### Exercise inputs

==================================================

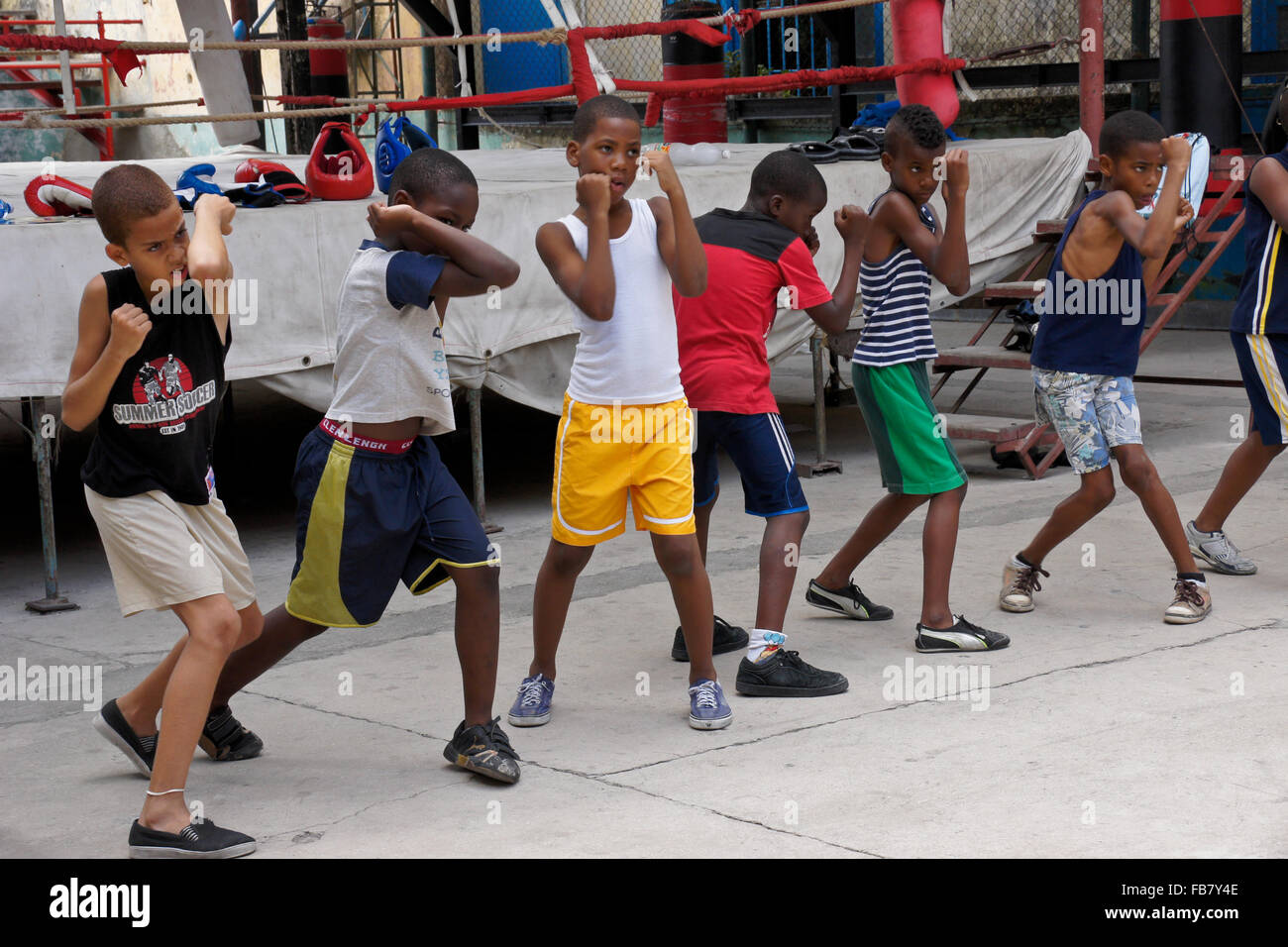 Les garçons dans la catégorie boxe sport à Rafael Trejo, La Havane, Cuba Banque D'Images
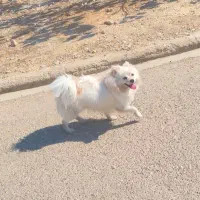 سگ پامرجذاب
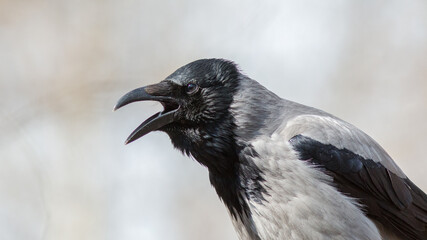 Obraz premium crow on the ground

==================================================

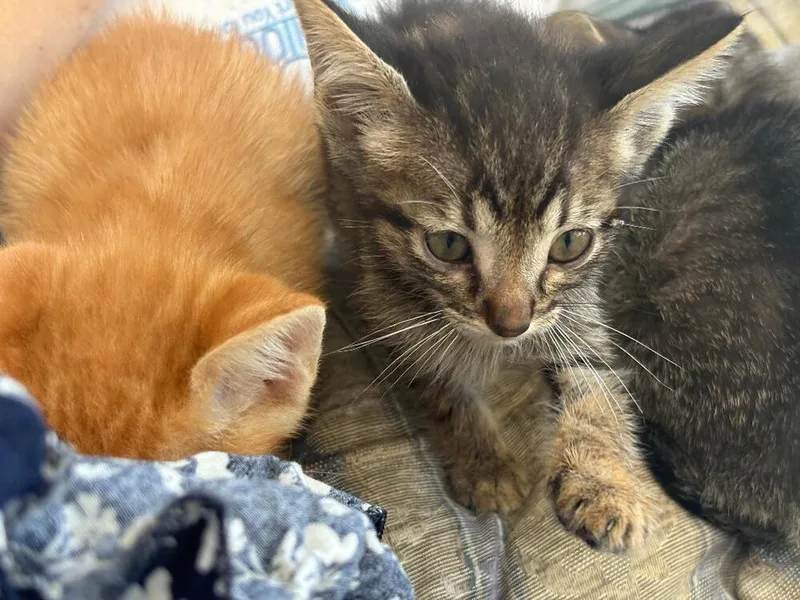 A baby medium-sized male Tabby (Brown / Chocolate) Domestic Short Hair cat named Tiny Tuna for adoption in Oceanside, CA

==================================================

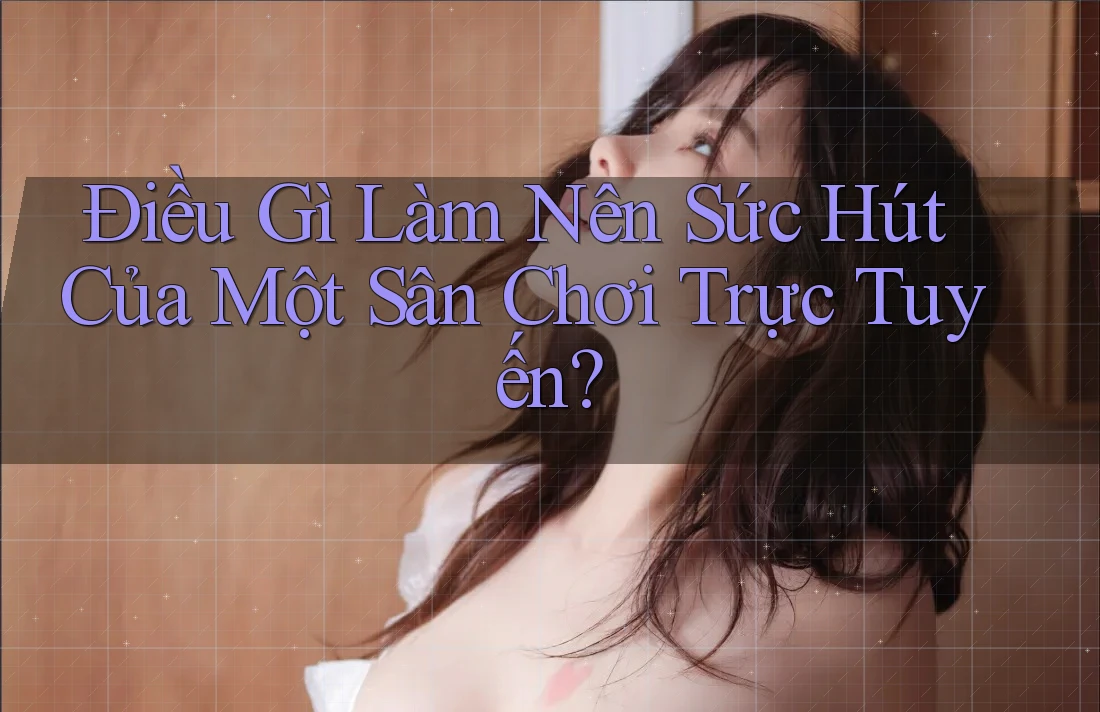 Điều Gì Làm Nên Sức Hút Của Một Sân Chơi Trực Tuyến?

==================================================

### Brief
Above are the records. Copy word for word only their lines from the one holding "Les garçons dans" through the one holding "Obraz premium crow on the ground", both included, and skip the images.

### Reply
 Les garçons dans la catégorie boxe sport à Rafael Trejo, La Havane, Cuba Banque D'Images
 سگ پامرجذاب
 Obraz premium crow on the ground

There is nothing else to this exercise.